Ewen McNeil

Received date: 18 April 2017

I'd like to echo others in saying that I appreciate the DNC continuing to consult on the details of this policy as the policy has evolved in response to feedback.  However it is unfortunate that the draft language appears only to have been provided in the form of images of marked up text (rather than actual text); please excuse any typos in the transcription of the proposed text below.

I am concerned that the reference to "whois" (a protocol, run over TCP/43) are being replaced wholesale by "the domain registration data query ("Query")" without compensating changes.  In particular the change to 11.6 ("NZRS will maintain a Query service") leaves open that the existing whois service (TCP/43) will be discontinued at some point and replaced by a less-functional non-standardised service (as has happened at other DNS registries).

I would like to see 11.6 extended to state that the NZRS will continue to provide the "domain registration data query ("Query") service" over the traditional TCP/43 whois service, in addition to whatever else is provided.  The traditional tools (eg, "whois") are much more convenient than any modern replacements, and requiring users to implement a screen scraping wrapper around a web-based display would be substantially poorer service than is provided.

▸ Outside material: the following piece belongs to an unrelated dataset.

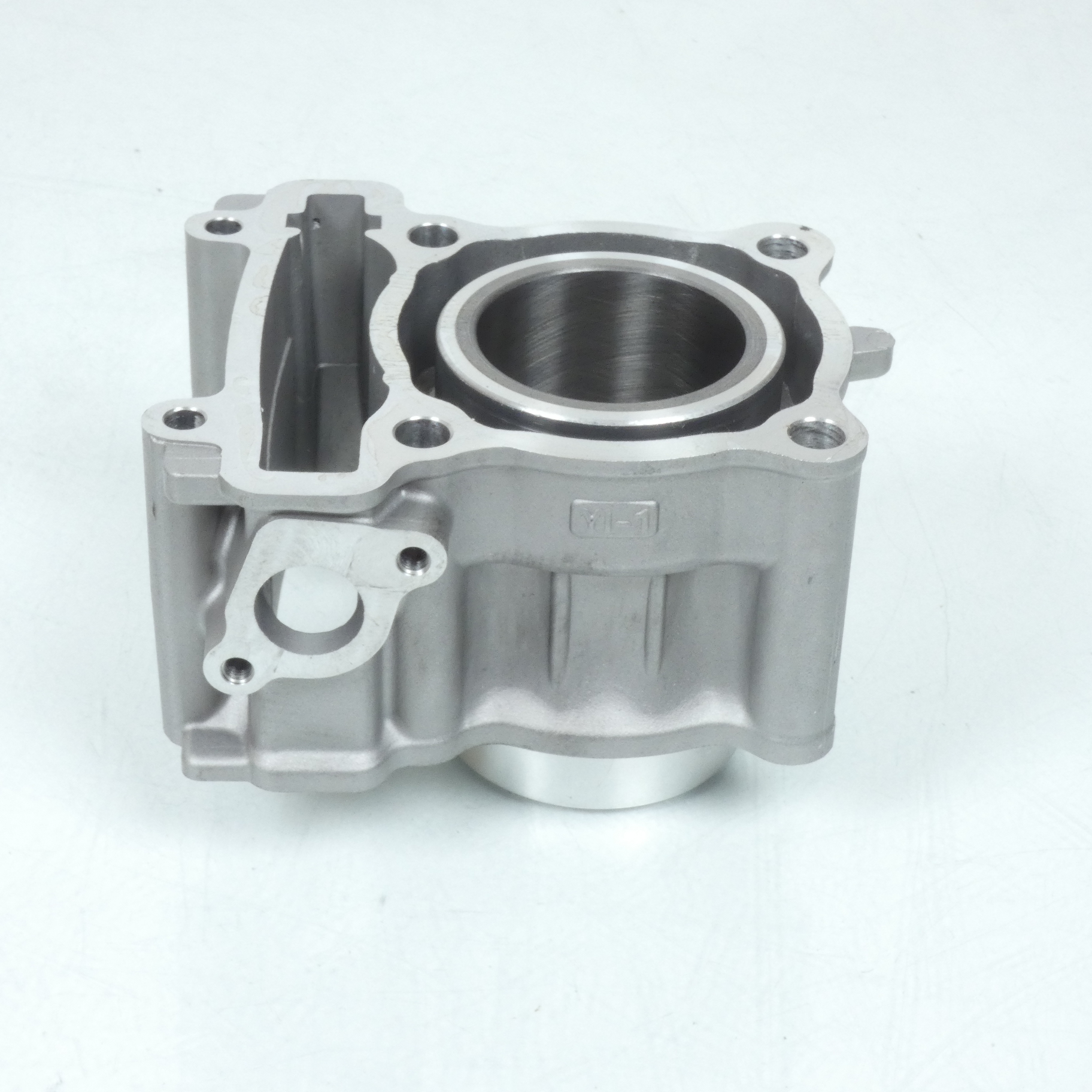 Cylindre Master Kit pour Scooter Yamaha 125 Ypr X-Max Abs 2011 à 2020 Neuf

Other than that clarification, I am in favour of the change of wording in general so that it also covers the existing web view of that whois service (https://dnc.org.nz/whois/) as well as the TCP/43 traditional whois service.

The description of the Privacy Option (s22.8, s23) seem appropriate to me.  In particular I remain in favour of the registration name, and a working contact email being available even in the Privacy Option case -- the owner of the domain name is normally the thing I am attempting to determine when consulting the "whois" information.  Ideally I would also still prefer that the City level information was displayed in the Privacy Option case, but I understand the DNC has chosen to omit that.

While I understand the concern that some others have expressed that small home-based businesses will not be eligible for the "individual" privacy options, I think on balance the threshold proposed by the DNC has been set correctly.

Private individuals in trade who have a legitimate need to hide their location often also have access to other options, such as listing a PO Box address, or perhaps listing the address of a trusted advisor (accountant, lawyer, etc), that provide a legitimate means of contact but do not necessarily reveal their day-to-day physical location.

Accountants and/or lawyers are often also the address of record for (limited) companies in their online records, so I think a similar approach could apply here.  (For the record, I say this as a small business owner, who typically works from home, and has ended up with both a chartered accountant and a post box for other reasons.  Since I operate through a Limited company, the Privacy Option would not be available to me anyway.)

Perhaps the DNC could address some of this concern by clarifying that individuals using their domain primarily for other reasons, but having a "home business" on the side (eg, occasional after hours projects) with only a small amount of trade, may at the option of the DNC be treated as private individuals not in trade (and thus eligible for the privacy options). Clearly there is a range of circumstances between "home based full time business" which should probably be treated like any other business even if it is an individual trading directly, and "occasionally does some work on the side for money", within which a human judgement call rather than detailed legalise is the best way to distinguish the different circumstances.  (The "home based full time business" is more likely to have an accountant, lawyer, or Post Box anyway.)